Comme bien d’autres personnages bibliques, la reine de Saba va connaître un destin extra-livresque : en s’échappant du Livre, elle entre dans l’imaginaire, et renaît ailleurs, dans d’autres livres, d’autres cultures, d’autres imaginaires. L’oralité rivalise avec le caractère sacré de l’Écriture, mais l’Ancien, le Nouveau Testament et le Coran fonctionnent comme des jalons, des repères, à l’origine des variantes légendaires.
La question de l’historicité de la reine de Saba est très importante, et il faut commencer par l’envisager, au moins en termes de vraisemblance car cette question intéresse les écrivains aussi bien que les historiens. De plus, le rapport entre Bible et Histoire est essentiel pour comprendre la perspective de l’Écriture :
Dans ces conditions, dire que la Bible est foncièrement historienne, ce n’est pas seulement établir un constat d’ordre littéraire, ou lui donner, plus ou moins apologétiquement, une valeur qu’elle n’aurait que partiellement ou insuffisamment. Dire que la Bible est foncièrement historienne, c’est avant tout ressaisir une intention, une intentionnalité qui, à partir d’un certain moment, la fonde, la justifie, la fait.

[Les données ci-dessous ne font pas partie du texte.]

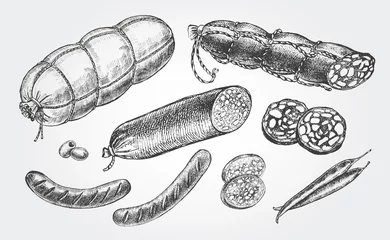 Fotobehang Ink hand drawn set of various sausages, ham, salami. Food elements collection for menu or signboard design. Vector illustration. © olga_zaripova
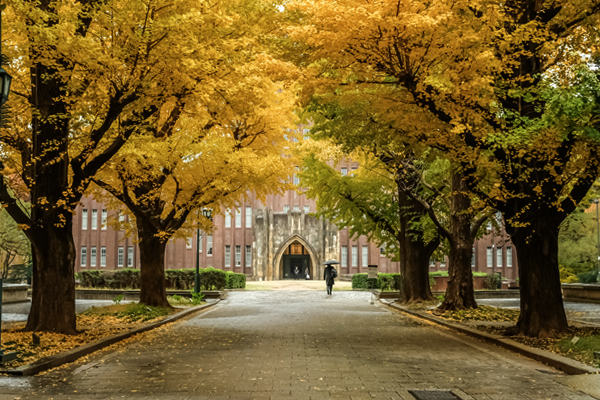 2022 TCCI Fall Newsletter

Autrement dit, ce projet historien global, totalisant, est le fruit d’une conception religieuse, théologique, consciente et précise, si précise et si consciente qu’elle va à la fois unifier et conserver la Bible1.
L’élaboration du Coran se situe dans une tout autre perspective.
Cependant, qu’elle soit ou non un personnage historique, la reine de Saba joue un rôle dans l’Histoire car elle est devenue un modèle 30auquel on se réfère. Son histoire se prête particulièrement bien à la réécriture : d’abord parce qu’elle n’apparaît qu’une seule fois dans l’Ancien Testament, apparition à laquelle il est fait référence dans le Nouveau Testament, et une seule fois aussi dans le Coran : l’épisode est donc circonscrit. De plus, il est bref et a une forte structure narrative, ce qui lui permet d’être extrait de ses hypotextes, de faire l’objet d’un récit à part entière, indépendant du point de vue narratif. Il comporte les éléments schématiques traditionnels d’un récit : une héroïne, une situation initiale, des péripéties et un dénouement. On a pu s’étonner qu’un épisode biblique aussi simple ait connu une postérité aussi faste. Albert de Pury émet un sévère jugement sur ce passage :
À première vue, le récit de la reine de Saba en 1 Rois 10 se présente à nous comme un récit d’une indicible platitude […] C’est un récit dans lequel il semble ne rien se passer : pas de conflit, pas de suspens, pas d’enjeu réel. Une reine vient du bout du monde avec sa suite. Elle admire, elle est admirée, elle prononce son compliment, on échange de riches cadeaux, puis elle repart. Le tout fait l’effet d’une vision féerique, d’un mirage qui n’a guère plus de conséquence dans la vie réelle qu’il n’en a sur le plan strictement imaginaire et littéraire. Que faire d’un récit pareil2 ?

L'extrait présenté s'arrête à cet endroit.